An example is easiest. I have my machine setup to provide who I am to machines I...

Diederich · on Nov 30, 2016

This is well stated.

I have been making end-user apps for myself and for folks at work that require such identity, in one case, ~/.ssh, and in another, ~/.gnupg.

My solution isn't particularly novel or clever, but it works well.

The docker image of the command-line app is the same for all users, and so lacks their identity built in.

The hack is to drive invocation of the docker image with a shell script that makes a temporary directory, copies in the necessary identity files from ~, and does a docker run that maps those identify files into the docker image.

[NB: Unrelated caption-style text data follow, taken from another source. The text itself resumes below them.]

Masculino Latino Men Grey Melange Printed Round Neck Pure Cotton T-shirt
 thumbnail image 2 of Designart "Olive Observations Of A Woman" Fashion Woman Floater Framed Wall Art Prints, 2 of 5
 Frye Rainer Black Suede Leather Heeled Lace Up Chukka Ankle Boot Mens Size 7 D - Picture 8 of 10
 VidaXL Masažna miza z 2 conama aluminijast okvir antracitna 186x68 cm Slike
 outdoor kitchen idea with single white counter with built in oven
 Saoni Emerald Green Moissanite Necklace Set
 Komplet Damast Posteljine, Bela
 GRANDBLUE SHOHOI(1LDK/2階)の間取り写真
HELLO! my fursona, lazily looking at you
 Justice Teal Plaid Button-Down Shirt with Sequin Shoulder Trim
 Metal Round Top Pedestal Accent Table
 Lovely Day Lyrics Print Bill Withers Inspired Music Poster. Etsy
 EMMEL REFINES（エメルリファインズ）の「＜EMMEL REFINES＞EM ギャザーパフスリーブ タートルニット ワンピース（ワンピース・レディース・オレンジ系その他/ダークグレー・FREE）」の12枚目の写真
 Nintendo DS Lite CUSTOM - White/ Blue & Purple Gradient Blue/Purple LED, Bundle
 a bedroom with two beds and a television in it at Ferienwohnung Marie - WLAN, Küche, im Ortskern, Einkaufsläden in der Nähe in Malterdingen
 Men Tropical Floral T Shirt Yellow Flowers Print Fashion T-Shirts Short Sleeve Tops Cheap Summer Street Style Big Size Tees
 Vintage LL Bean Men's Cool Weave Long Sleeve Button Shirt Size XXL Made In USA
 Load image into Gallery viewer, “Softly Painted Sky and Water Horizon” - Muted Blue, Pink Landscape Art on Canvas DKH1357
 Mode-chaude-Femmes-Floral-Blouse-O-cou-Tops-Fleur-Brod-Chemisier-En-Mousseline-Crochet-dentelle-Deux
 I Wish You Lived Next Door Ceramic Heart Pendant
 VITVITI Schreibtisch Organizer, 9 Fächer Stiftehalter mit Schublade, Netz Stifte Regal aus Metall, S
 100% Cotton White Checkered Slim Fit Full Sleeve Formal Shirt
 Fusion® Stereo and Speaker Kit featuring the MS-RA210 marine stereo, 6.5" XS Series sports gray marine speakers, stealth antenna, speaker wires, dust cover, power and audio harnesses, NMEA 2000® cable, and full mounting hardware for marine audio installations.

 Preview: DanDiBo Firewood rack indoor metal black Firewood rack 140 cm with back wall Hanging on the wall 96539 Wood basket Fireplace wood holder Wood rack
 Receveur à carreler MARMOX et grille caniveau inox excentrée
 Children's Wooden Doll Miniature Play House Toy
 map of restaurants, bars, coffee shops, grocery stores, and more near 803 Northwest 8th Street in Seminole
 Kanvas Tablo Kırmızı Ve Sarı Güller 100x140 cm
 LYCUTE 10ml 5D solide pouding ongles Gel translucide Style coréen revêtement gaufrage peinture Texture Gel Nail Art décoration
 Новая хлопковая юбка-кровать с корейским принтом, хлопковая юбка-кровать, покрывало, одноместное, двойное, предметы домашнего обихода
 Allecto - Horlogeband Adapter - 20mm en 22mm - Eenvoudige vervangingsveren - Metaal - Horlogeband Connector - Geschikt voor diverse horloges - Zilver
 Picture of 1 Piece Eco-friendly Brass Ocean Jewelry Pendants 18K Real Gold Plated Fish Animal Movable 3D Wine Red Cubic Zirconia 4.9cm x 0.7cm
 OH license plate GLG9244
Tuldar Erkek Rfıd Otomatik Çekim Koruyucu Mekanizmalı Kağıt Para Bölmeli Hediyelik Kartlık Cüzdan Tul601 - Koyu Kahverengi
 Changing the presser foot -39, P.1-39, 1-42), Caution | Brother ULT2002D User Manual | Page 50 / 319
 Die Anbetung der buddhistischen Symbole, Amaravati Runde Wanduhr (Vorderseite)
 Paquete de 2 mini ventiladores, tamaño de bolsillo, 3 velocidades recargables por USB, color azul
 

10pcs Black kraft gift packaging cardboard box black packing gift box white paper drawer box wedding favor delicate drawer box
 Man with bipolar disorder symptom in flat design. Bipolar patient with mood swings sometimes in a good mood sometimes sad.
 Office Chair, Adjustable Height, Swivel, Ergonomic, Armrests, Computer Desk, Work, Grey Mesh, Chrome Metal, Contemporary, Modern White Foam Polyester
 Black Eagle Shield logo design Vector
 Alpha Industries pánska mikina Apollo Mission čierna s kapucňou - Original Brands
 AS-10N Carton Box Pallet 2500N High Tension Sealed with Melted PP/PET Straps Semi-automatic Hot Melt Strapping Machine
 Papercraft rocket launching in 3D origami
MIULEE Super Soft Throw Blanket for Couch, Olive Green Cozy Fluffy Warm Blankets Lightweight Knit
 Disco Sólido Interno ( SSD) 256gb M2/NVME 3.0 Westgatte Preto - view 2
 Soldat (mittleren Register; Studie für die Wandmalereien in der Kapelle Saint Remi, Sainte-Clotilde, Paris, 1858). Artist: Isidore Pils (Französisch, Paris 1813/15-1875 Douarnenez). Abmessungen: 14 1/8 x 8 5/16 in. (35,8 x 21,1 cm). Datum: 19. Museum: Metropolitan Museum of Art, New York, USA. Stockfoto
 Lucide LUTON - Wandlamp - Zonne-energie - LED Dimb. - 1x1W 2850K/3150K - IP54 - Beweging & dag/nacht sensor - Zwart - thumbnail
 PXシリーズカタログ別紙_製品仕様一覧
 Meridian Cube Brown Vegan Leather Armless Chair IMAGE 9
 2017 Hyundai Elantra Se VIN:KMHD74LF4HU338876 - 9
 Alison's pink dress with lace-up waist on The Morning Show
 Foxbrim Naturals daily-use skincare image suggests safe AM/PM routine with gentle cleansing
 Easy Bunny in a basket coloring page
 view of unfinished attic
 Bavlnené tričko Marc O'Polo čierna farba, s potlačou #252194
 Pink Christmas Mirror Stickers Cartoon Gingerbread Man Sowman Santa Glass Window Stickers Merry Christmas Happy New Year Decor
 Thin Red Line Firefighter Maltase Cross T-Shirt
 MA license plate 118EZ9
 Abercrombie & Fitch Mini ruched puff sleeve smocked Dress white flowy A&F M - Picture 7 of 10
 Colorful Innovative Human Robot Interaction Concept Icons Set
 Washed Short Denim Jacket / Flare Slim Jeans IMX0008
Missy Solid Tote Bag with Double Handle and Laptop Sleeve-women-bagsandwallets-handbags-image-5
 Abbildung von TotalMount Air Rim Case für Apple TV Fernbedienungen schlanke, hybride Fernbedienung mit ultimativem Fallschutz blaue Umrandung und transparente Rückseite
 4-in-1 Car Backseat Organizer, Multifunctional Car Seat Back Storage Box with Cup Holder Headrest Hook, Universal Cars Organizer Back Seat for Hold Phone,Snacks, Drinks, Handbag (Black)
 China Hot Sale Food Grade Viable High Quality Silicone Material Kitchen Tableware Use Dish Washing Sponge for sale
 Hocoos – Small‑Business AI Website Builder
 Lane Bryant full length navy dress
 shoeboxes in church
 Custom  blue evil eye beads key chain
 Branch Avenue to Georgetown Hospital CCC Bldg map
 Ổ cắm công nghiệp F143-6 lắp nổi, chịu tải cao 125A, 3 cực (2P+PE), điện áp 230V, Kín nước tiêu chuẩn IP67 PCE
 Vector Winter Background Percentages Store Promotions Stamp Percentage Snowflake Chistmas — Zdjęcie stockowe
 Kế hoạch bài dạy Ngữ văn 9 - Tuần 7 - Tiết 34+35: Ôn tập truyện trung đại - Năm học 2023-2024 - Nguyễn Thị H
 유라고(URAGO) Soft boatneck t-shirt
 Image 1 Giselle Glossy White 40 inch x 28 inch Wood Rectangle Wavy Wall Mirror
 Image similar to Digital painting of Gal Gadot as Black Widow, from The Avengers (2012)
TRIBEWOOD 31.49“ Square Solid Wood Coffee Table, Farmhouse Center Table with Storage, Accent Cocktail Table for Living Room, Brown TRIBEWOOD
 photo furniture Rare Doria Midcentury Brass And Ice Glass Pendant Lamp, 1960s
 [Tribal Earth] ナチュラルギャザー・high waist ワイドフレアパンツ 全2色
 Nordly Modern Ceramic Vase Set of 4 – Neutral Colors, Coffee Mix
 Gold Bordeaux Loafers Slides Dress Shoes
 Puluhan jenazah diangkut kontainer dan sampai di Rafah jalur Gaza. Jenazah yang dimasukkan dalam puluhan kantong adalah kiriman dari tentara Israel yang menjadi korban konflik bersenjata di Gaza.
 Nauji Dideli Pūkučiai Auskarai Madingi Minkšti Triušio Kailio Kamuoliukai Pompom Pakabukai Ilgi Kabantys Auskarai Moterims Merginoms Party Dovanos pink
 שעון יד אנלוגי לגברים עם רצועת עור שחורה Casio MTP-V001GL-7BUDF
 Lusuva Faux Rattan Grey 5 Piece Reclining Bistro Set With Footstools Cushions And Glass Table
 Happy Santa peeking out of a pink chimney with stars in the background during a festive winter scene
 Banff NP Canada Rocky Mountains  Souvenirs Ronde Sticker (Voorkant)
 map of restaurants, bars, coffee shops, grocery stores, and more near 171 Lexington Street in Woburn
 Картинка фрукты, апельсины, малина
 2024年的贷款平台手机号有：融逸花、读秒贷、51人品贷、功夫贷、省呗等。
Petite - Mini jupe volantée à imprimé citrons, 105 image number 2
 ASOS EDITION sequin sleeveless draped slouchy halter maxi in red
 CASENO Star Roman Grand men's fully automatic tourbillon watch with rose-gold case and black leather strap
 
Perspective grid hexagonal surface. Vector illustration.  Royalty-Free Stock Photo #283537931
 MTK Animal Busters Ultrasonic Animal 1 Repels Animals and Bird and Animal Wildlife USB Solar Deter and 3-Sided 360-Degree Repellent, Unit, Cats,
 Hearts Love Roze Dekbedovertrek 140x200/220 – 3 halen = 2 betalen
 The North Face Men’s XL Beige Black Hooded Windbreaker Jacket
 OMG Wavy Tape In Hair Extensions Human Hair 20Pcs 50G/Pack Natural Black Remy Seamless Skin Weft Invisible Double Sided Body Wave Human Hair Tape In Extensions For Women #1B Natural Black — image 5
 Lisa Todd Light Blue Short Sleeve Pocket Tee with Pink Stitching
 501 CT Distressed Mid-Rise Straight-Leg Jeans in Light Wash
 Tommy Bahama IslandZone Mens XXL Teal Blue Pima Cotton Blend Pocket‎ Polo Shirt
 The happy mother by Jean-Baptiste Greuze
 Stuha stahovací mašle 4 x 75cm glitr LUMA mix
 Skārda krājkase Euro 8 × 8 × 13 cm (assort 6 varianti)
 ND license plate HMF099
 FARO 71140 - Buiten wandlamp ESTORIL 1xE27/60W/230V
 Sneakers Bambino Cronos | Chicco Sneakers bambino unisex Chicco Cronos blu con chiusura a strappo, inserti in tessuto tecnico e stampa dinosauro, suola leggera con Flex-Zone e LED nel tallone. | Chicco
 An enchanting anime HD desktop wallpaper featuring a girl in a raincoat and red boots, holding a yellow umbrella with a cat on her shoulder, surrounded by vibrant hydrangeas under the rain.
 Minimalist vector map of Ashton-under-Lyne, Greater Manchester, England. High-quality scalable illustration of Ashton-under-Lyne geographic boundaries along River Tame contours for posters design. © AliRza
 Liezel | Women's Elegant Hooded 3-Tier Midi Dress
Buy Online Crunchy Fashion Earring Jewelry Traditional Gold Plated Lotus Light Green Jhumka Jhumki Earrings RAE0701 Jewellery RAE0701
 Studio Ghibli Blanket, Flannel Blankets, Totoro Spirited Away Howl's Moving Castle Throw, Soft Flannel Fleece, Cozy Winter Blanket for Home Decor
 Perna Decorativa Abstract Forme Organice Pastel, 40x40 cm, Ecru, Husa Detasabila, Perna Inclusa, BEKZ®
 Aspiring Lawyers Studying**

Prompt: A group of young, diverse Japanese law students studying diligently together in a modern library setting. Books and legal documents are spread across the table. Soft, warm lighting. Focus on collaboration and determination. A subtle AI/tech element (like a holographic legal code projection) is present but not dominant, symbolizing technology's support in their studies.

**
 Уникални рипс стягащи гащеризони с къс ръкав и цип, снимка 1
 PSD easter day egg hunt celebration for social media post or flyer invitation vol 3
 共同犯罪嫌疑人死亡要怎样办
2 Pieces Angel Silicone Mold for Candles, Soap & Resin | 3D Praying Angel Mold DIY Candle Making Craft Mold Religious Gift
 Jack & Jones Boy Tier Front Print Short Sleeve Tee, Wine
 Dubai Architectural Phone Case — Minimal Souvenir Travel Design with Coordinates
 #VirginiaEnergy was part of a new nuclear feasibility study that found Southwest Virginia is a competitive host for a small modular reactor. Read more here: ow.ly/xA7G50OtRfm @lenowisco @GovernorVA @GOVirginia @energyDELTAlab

After the docker image exits, the bash invocation script cleans up.

It's a hack, but it works surprisingly well. In my tests, it adds about 100ms of invocation latency for a python program. That is, running the docker image containing a python program that copies some files in as described is about 100ms slower than just running the same python program directly.

It would be nice to have a more elegant solution to this, but it's not too bad.

tomjakubowski · on Nov 30, 2016

disclaimer: I am not a security expert. Reader beware!

If you're using ssh-agent, maybe you could bind-mount your host's $(dirname $SSH_AUTH_SOCK) into the container, and then set the SSH_AUTH_SOCK environment variable to point at it when you run the Docker container. That way you're not even sharing the private key with the container.

I imagine you could do the same with gpg-agent, too.

Diederich · on Nov 30, 2016

I didn't think about that, thanks!

I didn't mention it, but for one of the apps, I also needed ~/.gitconfig, which I don't think has an agent. :(

taeric · on Nov 30, 2016

I think this is the common solution. It definitely feels like a hack, though.

I thought of the ssh-agent trick, but never thought of how to actually do it and moved on to other problems.

I would love to hear thoughts on better ways to fix this. Apologies for not responding earlier, as I really want this conversation to end somewhere. I just feel ashamed that I don't know how to continue it.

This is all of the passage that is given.